On May 31, 2019, the Center for Energy-Efficient Computing and Application (CECA) organized a PhD dissertation defense by Xiuhong Li in Conference Room 410 of the 5th Science Building. Xiuhong's advisor is Prof. Yun Liang, a tenured associate professor of CECA. The defense committee include Prof. Xiaobing Feng from the CAS Institute of Computing Technology, Prof. Jidong Zhai from Tsinghua University, Prof. Ming Jiang from the School of Mathematics at Peking University, as well as Prof. Yun Liang, Prof. Guojie Luo, and Prof. Guangyu Sun Yun from CECA.
Xiuhong defensed his dissertation on the topic of "GPU Optimization Technology for Irregular Applications". He gave a clear report on the research background and significance of the doctoral dissertation, as well as the innovative technology proposed, and made clear answers on the questions raised by the defense committe. The defense committee unanimously agreed to pass the defense of Li Xiuhong's doctoral dissertation and recommended that he be awarded a doctorate of science.
During his PhD program, Xiuhong published 5 academic papers, including PPoPP and ICS, the top conferences in the field of computer architecture. His innovative achievements in GPU high-performance computing have been unanimously approved by the defense committee. Xiuhong also won the National Scholarship, Peking University Excellence Award, etc. during his PhD and won the title of "SenseTime Internship Star" during his internship at SenseTime.
Attachment: abstract of PhD dissertation
In recent years, a large number of new applications have continuously emerged, and these applications have also put forward higher demands on the computing capabilities of computing devices. The architecture of the traditional central processing unit CPU focuses on versatility, and it is difficult to fully explore the parallelism of the application itself. A general-purpose graphics processor GPU with high parallelism and many-core structure as its main features has emerged as the times require. GPU redesigns the chip resources originally used for complex logic and on-chip cache on the CPU into a large number of computing cores, making it a many-core processor, and then through thousands of threads in parallel execution to obtain very high computing power And memory access bandwidth. Therefore, GPU is very suitable for applications that have a large amount of data parallelism, continuous and regular memory access. For applications with insufficient data parallelism or irregular memory access behavior, although GPUs can still be used for acceleration, it is very difficult to make full use of GPU computing resources and memory access resources to achieve the ultimate performance.
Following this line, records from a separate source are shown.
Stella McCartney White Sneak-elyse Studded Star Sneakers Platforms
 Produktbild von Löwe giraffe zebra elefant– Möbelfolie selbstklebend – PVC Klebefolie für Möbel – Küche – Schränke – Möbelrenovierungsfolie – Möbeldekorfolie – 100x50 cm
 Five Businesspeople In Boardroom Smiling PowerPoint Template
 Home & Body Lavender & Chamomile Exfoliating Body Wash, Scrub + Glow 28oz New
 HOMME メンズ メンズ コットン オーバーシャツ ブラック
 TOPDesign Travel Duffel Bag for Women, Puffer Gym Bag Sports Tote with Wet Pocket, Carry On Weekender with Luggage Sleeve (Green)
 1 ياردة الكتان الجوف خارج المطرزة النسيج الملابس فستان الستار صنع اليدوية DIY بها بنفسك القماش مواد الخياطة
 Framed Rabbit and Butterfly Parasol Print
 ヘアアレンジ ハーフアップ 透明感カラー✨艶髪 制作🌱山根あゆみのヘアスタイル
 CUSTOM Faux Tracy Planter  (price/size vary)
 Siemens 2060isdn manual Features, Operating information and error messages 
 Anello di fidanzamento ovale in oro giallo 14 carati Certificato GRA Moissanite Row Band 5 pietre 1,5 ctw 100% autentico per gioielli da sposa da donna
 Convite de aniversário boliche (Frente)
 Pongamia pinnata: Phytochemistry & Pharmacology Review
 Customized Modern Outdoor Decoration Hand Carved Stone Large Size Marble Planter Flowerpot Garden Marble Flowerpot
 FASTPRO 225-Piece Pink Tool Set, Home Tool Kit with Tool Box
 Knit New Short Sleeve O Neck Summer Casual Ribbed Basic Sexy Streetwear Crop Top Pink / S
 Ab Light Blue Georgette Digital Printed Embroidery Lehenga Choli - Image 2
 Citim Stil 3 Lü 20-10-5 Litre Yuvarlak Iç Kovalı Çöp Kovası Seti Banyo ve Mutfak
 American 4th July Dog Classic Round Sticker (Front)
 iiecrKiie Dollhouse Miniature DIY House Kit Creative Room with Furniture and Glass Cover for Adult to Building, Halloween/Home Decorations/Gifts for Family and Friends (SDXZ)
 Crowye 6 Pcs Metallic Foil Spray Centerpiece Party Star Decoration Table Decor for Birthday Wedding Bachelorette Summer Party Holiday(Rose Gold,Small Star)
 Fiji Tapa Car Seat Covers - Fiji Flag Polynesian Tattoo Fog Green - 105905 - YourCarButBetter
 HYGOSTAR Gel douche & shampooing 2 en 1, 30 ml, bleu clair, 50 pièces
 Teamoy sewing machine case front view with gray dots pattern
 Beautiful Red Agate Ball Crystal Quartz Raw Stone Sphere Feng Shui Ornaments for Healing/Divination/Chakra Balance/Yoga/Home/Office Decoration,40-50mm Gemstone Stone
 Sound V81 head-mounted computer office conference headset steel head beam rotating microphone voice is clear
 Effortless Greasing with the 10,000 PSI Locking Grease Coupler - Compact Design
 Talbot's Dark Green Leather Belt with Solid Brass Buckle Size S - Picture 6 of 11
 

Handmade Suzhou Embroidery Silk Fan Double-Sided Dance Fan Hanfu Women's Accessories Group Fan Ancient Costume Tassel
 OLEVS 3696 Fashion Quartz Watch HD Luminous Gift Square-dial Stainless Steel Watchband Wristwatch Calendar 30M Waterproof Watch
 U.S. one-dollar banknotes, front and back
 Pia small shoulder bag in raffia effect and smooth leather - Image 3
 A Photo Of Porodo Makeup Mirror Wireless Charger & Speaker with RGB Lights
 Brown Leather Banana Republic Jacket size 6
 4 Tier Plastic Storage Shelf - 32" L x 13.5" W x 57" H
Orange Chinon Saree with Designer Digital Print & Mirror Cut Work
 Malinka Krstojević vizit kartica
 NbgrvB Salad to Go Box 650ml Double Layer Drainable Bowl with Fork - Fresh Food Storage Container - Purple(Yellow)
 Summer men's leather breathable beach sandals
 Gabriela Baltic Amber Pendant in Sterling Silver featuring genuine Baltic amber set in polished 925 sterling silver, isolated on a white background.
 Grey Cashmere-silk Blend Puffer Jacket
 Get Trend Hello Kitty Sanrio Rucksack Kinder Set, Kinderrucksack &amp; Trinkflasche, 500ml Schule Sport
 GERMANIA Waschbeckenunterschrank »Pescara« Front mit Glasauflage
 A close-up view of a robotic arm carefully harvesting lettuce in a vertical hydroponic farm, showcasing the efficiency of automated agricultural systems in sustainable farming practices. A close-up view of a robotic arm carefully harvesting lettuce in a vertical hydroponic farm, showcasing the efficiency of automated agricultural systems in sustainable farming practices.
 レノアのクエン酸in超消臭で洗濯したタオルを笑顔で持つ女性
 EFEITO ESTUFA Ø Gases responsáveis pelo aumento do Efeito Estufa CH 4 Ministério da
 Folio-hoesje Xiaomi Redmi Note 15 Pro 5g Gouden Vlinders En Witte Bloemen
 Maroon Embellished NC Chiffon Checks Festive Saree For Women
This dissertation first pointed out that the mismatch between the characteristics of the application itself and the architectural characteristics of the GPU is the root cause of irregular applications on the GPU. Therefore, the core of this article is to deeply analyze the architectural features of GPU and point out the crux of the optimization of irregular applications on GPU. Around this core, this paper proposes a set of thread-level parallelism management schemes. This paper analyzes the characteristics of irregular applications related to the GPU system structure from three aspects: lack of parallelism, irregular memory access, and unbalanced resource utilization. First of all, when the application scale is small, it is inconsistent with the architectural feature that GPU has a large number of thread parallelism, which leads to the inability to fully utilize the GPU's computing power. We call this problem the problem of insufficient parallelism. For this reason, this article proposes a batch execution technology for the same type of small tasks, and introduces the unified thread structure and block decision algorithm using small matrix multiplication as an example. Secondly, when the application has a fragmented and unaligned memory access mode, it is inconsistent with the architectural feature of GPU memory access aggregation, which results in the inability to make full use of the GPU's high bandwidth capabilities. We call this problem an irregular memory access problem. For this reason, this article proposes a thread mapping technology. Through a unified graph algorithm, the mapping relationship between threads and tasks can be established to reduce the performance loss caused by irregular memory access. . Finally, because the application itself has different degrees of preference for computing resources or memory access resources, considering that the GPU is equipped with a large number of computing and memory access resources at the same time, a single application often cannot fully utilize GPU resources in a balanced manner. . We call this problem the problem of unbalanced resource utilization. For this reason, this article proposes concurrent execution techniques for different tasks, and realizes the balanced and full utilization of GPU resources by complementing different application resources.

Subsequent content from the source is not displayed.